Yazarlar

Türkiye'nin Milli teknoloji hamlesi

“Teknolojik yapısıyla iç ve dış pazar rekabetinde kendisini geliştiren, yeterli bulan sanayi sektörleri İstanbul çeperlerinde yer almalıdır

6dk okuma
Türkiye'de İş Dünyası22.06.2023
Türkiye'nin Milli teknoloji hamlesi

İstanbul Sanayi Odası (İSO) Meclisi’nin haziran ayı olağan toplantısı, “Yeni Çağın Sanayisine Odaklı Bir Dönüşüm ve Üretimde Verimlilik Artışı İçin Önceliklerimiz” ana gündemi ile Odakule Fazıl Zobu Meclis Salonu’nda gerçekleştirildi. İSO Yönetim Kurulu Başkanı Erdal Bahçıvan’ın açılış konuşmasını yaptığı toplantıya, Sanayi ve Teknoloji Bakanı Mehmet Fatih Kacır konuk olarak katılarak gündeme ilişkin değerlendirmelerde bulundu.

YENİ ÇAĞIN SANAYİSİNE DÖNÜK DEĞİŞİM MODELİ

Üretim ve sanayide ‘Böyle gelmiş böyle gider’ anlayışının küresel gelişmeler doğrultusunda artık imkansız hale geldiğine dikkat çeken İSO Yönetim Kurulu Başkanı Erdal Bahçıvan “İSO ile Sanayi ve Teknoloji Bakanlığımız arasında samimi diyalog daha da pekiştirilip ileri boyutlara taşınarak, yeni çağın sanayisine dönük bir değişim için ‘birlikte başarmak’ modeline dönüşmeli” dedi.

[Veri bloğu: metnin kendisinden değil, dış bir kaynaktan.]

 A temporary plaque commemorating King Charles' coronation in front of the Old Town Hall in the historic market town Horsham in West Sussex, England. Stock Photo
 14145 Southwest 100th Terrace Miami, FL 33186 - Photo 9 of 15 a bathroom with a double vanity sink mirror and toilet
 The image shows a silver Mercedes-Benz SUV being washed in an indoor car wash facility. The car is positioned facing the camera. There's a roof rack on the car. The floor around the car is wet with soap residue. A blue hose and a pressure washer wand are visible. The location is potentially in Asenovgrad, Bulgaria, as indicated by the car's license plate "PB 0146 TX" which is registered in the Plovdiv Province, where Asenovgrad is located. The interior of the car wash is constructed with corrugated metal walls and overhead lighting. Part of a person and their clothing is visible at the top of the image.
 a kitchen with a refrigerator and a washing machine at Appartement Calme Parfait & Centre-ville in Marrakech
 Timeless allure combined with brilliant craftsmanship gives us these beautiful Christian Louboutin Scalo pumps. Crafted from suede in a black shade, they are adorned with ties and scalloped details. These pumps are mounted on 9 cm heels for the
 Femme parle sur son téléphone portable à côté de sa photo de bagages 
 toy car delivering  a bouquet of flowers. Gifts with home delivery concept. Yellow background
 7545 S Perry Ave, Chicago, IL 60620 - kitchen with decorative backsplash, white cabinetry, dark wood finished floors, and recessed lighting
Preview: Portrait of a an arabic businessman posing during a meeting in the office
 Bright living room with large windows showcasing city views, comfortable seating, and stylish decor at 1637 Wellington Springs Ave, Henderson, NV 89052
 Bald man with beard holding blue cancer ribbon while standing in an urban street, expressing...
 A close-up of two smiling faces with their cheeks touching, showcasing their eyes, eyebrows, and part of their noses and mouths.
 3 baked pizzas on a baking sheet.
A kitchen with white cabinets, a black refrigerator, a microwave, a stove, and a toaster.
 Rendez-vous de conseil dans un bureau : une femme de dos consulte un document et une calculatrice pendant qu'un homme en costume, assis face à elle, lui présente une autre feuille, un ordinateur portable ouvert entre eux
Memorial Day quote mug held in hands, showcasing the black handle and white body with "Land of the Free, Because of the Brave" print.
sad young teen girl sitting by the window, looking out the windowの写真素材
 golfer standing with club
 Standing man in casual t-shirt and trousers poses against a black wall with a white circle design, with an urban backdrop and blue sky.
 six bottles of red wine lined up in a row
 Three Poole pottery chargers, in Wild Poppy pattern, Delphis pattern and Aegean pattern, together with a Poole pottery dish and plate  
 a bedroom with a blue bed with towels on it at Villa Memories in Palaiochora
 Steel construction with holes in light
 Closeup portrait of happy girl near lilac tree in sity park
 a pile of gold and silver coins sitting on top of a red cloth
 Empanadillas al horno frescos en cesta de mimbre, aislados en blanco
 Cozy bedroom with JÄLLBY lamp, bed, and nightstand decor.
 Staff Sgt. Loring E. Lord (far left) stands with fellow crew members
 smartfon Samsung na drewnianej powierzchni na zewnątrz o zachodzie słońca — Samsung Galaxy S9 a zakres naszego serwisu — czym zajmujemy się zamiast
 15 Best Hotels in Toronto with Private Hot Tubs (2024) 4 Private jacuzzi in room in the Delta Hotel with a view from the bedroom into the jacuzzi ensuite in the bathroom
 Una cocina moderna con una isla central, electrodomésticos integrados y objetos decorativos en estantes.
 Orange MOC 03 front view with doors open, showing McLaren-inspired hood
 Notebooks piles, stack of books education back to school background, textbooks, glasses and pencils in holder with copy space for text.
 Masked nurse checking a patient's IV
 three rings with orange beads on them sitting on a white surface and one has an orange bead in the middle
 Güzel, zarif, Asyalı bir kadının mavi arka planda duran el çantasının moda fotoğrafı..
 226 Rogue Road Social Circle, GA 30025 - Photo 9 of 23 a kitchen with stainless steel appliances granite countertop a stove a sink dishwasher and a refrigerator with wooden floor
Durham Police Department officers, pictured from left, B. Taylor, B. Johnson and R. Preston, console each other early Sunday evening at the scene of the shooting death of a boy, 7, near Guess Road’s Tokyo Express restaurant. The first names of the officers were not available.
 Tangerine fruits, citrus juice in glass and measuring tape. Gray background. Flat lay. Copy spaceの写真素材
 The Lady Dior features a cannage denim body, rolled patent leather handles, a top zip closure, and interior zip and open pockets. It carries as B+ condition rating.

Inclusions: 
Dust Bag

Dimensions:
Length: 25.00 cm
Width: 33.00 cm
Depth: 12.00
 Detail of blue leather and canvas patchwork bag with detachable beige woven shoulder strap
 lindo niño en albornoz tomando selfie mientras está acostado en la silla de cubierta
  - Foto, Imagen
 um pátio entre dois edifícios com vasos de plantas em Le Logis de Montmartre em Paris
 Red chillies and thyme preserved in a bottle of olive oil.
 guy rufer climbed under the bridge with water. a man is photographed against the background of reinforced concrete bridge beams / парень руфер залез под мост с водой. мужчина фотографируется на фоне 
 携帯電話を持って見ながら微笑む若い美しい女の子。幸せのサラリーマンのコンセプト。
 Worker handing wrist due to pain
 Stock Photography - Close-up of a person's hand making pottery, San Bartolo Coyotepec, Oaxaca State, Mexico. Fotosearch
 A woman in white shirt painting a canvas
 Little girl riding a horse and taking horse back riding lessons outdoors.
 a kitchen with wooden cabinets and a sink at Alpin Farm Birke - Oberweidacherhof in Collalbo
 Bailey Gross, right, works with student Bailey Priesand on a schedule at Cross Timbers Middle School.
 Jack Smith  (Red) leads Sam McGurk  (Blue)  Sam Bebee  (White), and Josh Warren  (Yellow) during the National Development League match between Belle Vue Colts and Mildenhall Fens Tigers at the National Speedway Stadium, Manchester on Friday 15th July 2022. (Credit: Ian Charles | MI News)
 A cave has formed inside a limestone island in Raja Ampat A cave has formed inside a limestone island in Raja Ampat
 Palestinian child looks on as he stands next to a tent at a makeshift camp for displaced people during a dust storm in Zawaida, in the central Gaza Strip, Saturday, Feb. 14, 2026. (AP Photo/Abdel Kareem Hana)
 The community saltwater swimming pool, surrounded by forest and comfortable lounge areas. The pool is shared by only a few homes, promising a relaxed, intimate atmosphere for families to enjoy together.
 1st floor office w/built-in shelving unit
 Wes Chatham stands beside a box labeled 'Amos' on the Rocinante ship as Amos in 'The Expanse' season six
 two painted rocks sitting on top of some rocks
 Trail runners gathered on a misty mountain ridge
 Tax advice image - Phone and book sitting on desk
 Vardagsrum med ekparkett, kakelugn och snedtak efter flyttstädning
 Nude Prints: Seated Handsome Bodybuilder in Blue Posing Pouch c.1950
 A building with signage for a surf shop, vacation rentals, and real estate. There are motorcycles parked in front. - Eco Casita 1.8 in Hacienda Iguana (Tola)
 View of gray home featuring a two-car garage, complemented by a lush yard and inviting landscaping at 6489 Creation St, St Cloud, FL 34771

Bahçıvan: “Teknolojik yapısıyla iç ve dış pazar rekabetinde kendisini geliştiren, yeterli bulan sanayi sektörleri İstanbul çeperlerinde yer almalıdır. Bu nedenle İstanbul’a yakın bölgelerde ‘Endüstriyel kent’ modeliyle tasarlanmış yeni nesil OSB’ler hayata geçirilmeli. Yine İstanbul’da kentsel dönüşüme benzer bir sanayi dönüşümü projesinin süratle hayata geçirilmesi artık çok kritik ve elzem.” 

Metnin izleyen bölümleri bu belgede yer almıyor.